אֲמַר לֵיהּ אַבָּיֵי (לְרָבָא): לְדִידָךְ קַשְׁיָא, וּלְרַב חִסְדָּא קַשְׁיָא. לְדִידָךְ קַשְׁיָא: מַאי שְׁנָא טוּמְאָה, דִּכְתִיב ״בְּמוֹעֲדוֹ״ — וַאֲפִילּוּ בְּטוּמְאָה, שַׁבָּת נָמֵי — ״בְּמוֹעֲדוֹ״, וַאֲפִילּוּ בְּשַׁבָּת! Abaye said to Rabba: It poses a difficulty to your opinion, and it poses a difficulty to the opinion of Rav Ḥisda. It is difficult to your opinion as follows: What is different about the prohibition of bringing an offering in a state of ritual impurity that the daily offering overrides it? Because it is written with regard to the daily offering “in its season” (Numbers 28:2), to emphasize that it should be brought under all circumstances, even if that means that it will be brought in a state of ritual impurity. But, by that logic, the daily offering should also override Shabbat. Because the term “in its season” emphasizes that it should be brought under all circumstances, this means even on Shabbat.
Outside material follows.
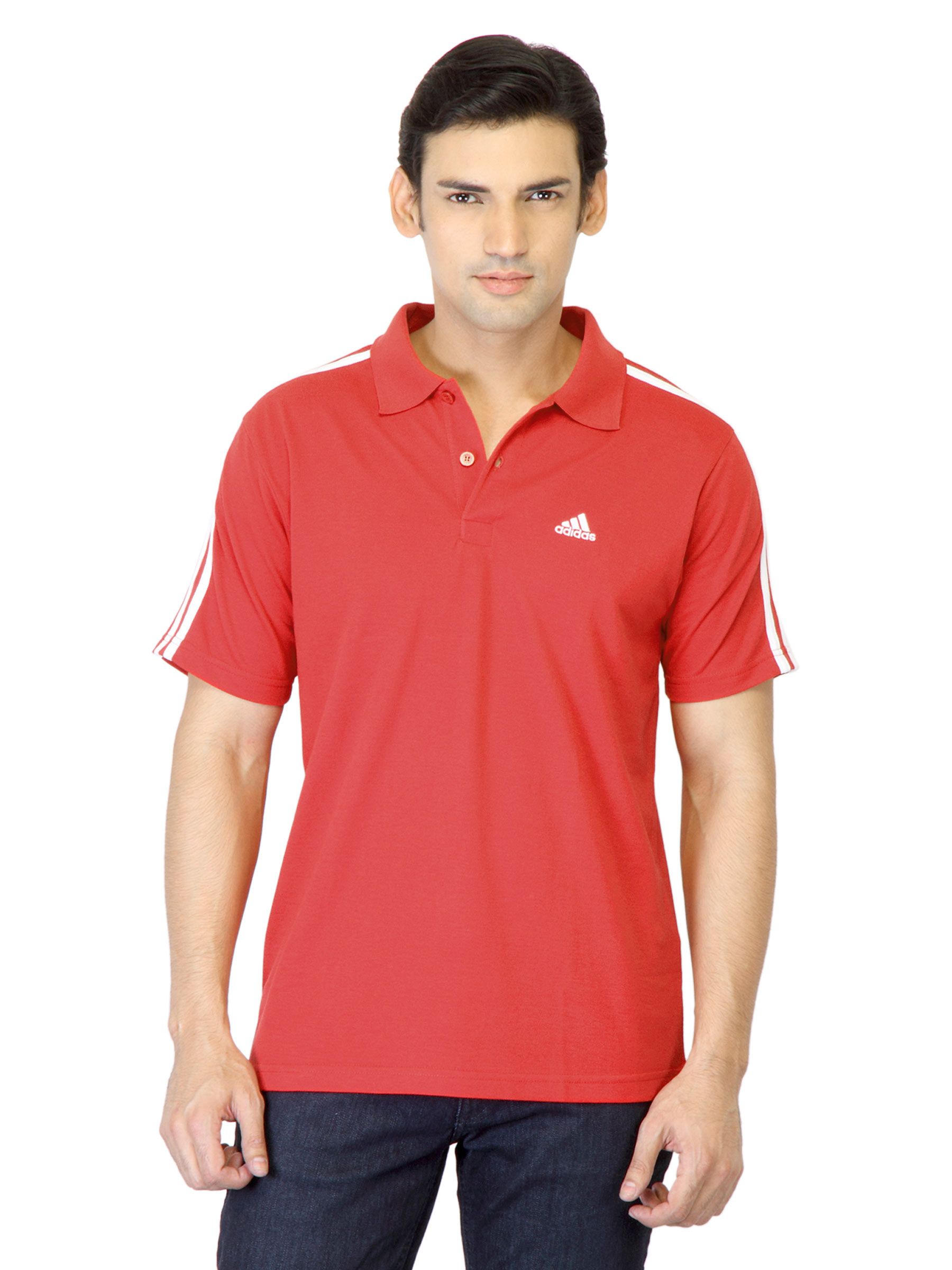 ADIDAS Men Red T-shirt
וּלְרַב חִסְדָּא קַשְׁיָא: מַאי שְׁנָא שַׁבָּת, דִּכְתִיב ״בְּמוֹעֲדוֹ״ — אֲפִילּוּ בְּשַׁבָּת, טוּמְאָה נָמֵי — ״בְּמוֹעֲדוֹ״, וַאֲפִילּוּ בְּטוּמְאָה? And it is difficult to the opinion of Rav Ḥisda: What is different about Shabbat that the daily offering overrides it? Because it is written “in its season,” to emphasize that it should be brought under all circumstances, even on Shabbat. But by that logic, the daily offering should also override the prohibition of bringing an offering in a state of ritual impurity. Because the term “in its season” emphasizes that it should be brought under all circumstances, this means even in a state of ritual impurity.
אֲמַר לֵיהּ: לָא לְדִידִי קַשְׁיָא, וְלָא לְרַב חִסְדָּא קַשְׁיָא. לְדִידִי לָא קַשְׁיָא: סוֹפוֹ כִּתְחִילָּתוֹ, Rabba said to him: It is not difficult to my opinion and it does not pose a difficulty to the opinion of Rav Ḥisda. It is not difficult to my opinion, because I hold that the end of its sacrificial rite is like its beginning.